Start of Excerpted data

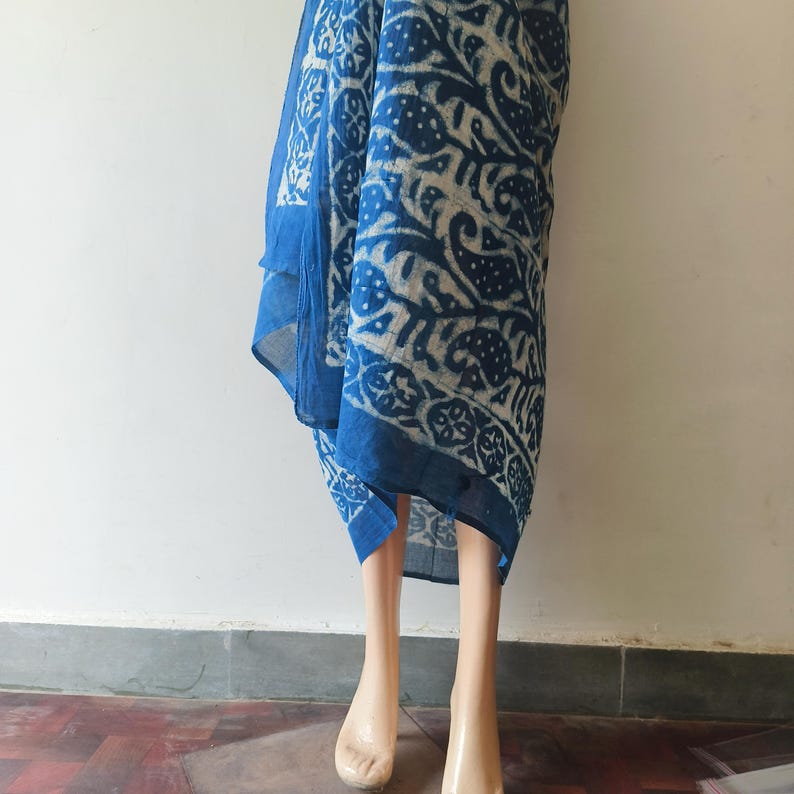 May include: A blue and white patterned scarf with a paisley design. The scarf is draped over a pair of mannequin legs. The fabric has a dark blue border and a repeating pattern of white and blue floral and paisley shapes.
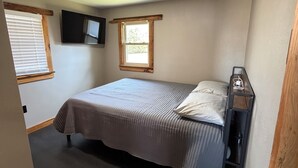A bedroom with a bed, a window, a mounted TV, and a ceiling light.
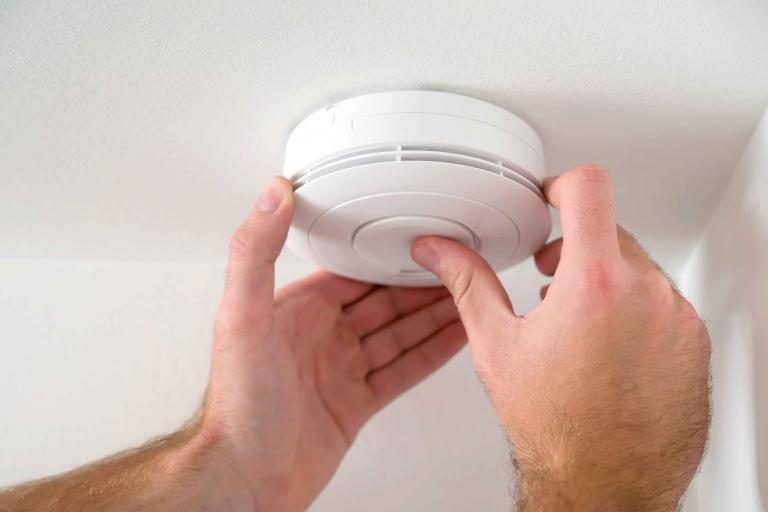 A smoke alarm fitted to a ceiling and a mans hands pushing the smoke alarm test button.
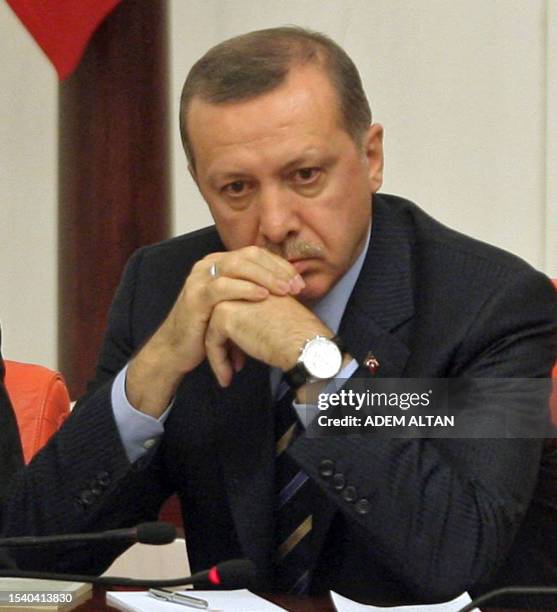 Turkey's Prime Minister Recep Tayyip Erdogan looks on as he listens to Interior Minister Besir Atalay addressing MPs during a debate at the Turkish...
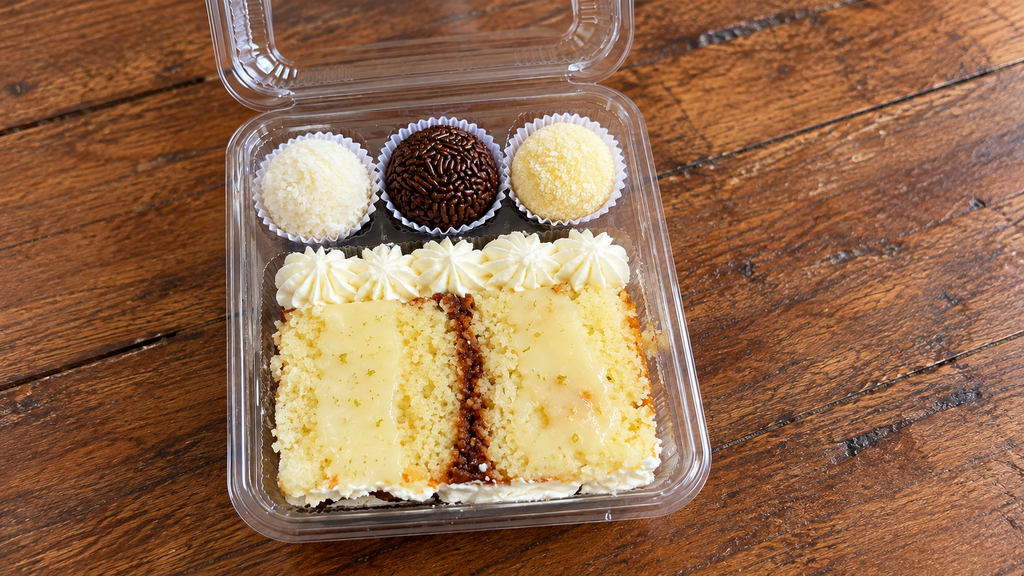 Open individual cake box with cake slice and three sweets for a first birthday party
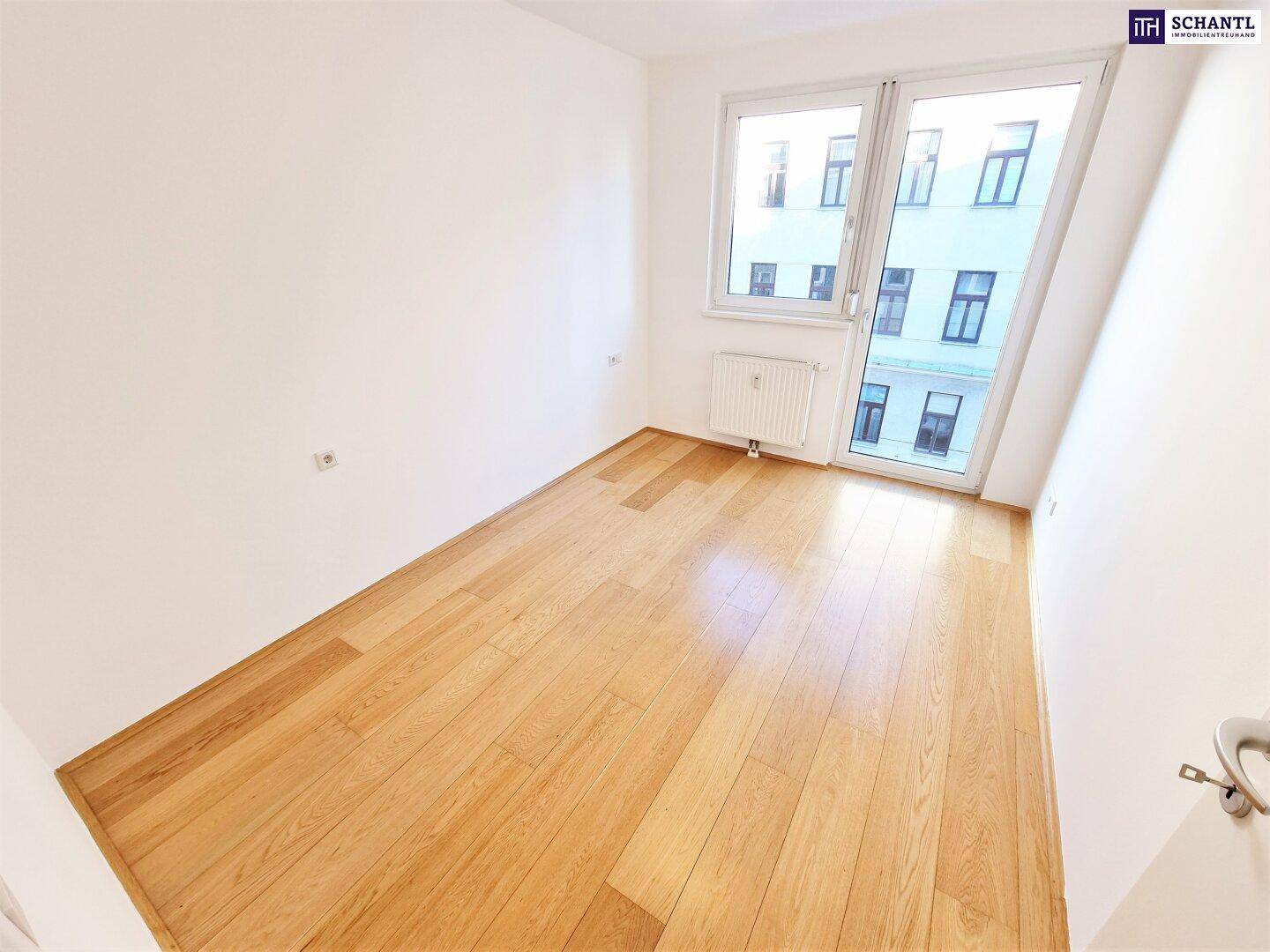 Helles Zimmer mit Holzboden und Fensterfront, die Zugang zu einem Balkon ermöglicht.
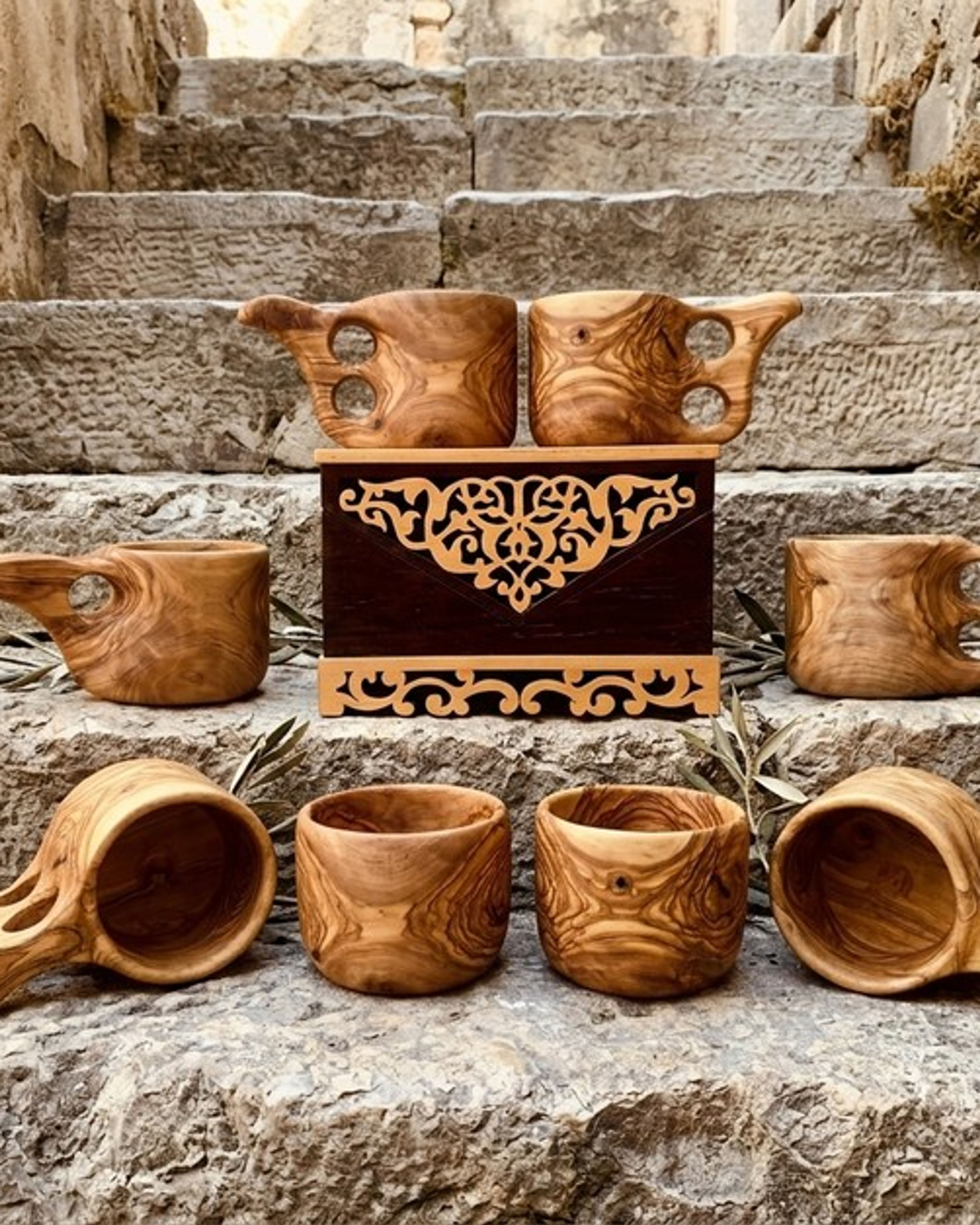 Taş basamaklar üzerinde zeytin ağacından oyma bardaklar ve tütsülük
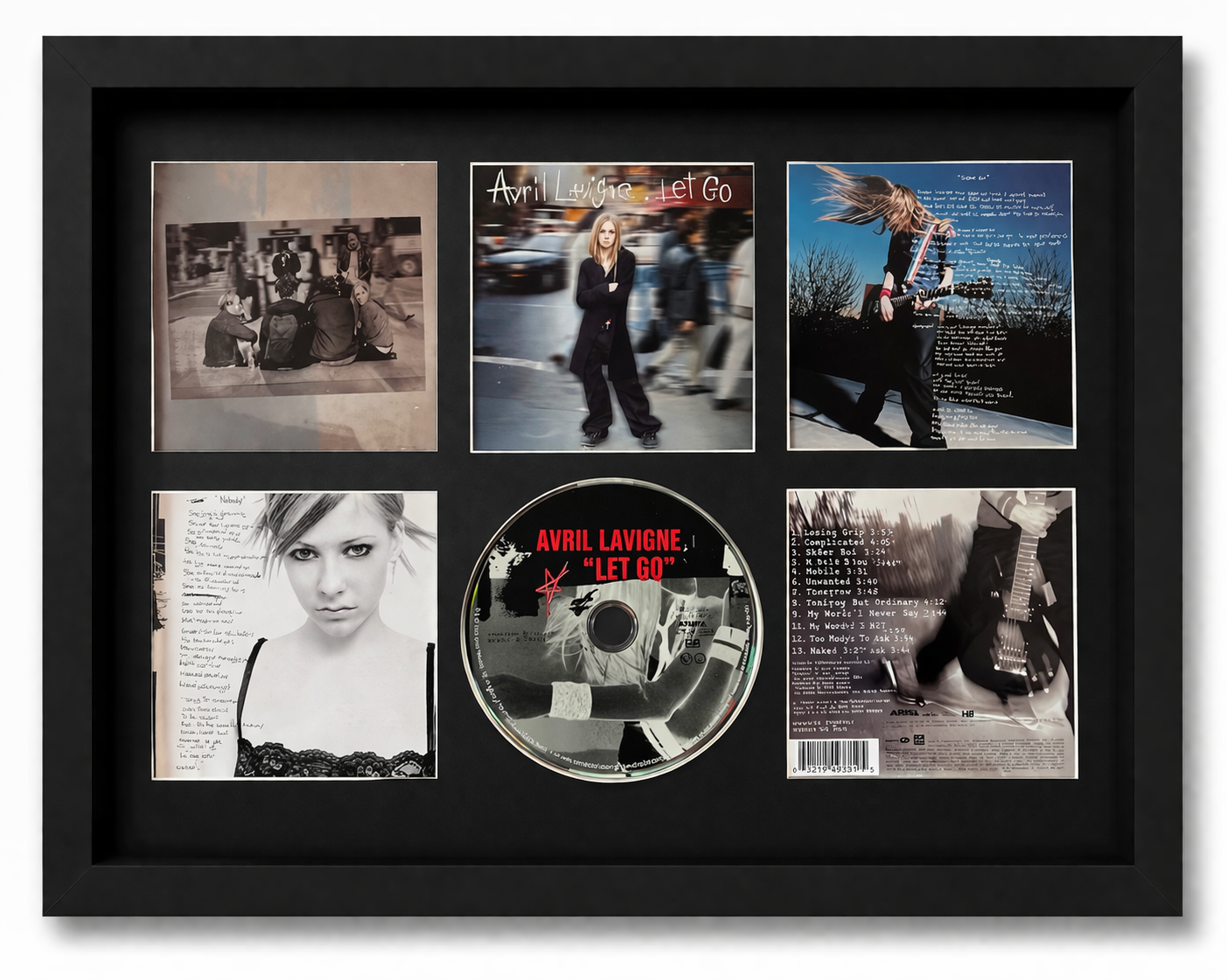 Framed Avril Lavigne 'Let Go' album with multiple images and a CD inside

End of Excerpted data

**Your assignment:**
In your copy, include every record word for word but no pictures.

**Solution below:**
 May include: A blue and white patterned scarf with a paisley design. The scarf is draped over a pair of mannequin legs. The fabric has a dark blue border and a repeating pattern of white and blue floral and paisley shapes.
A bedroom with a bed, a window, a mounted TV, and a ceiling light.
 A smoke alarm fitted to a ceiling and a mans hands pushing the smoke alarm test button.
 Turkey's Prime Minister Recep Tayyip Erdogan looks on as he listens to Interior Minister Besir Atalay addressing MPs during a debate at the Turkish...
 Open individual cake box with cake slice and three sweets for a first birthday party
 Helles Zimmer mit Holzboden und Fensterfront, die Zugang zu einem Balkon ermöglicht.
 Taş basamaklar üzerinde zeytin ağacından oyma bardaklar ve tütsülük
 Framed Avril Lavigne 'Let Go' album with multiple images and a CD inside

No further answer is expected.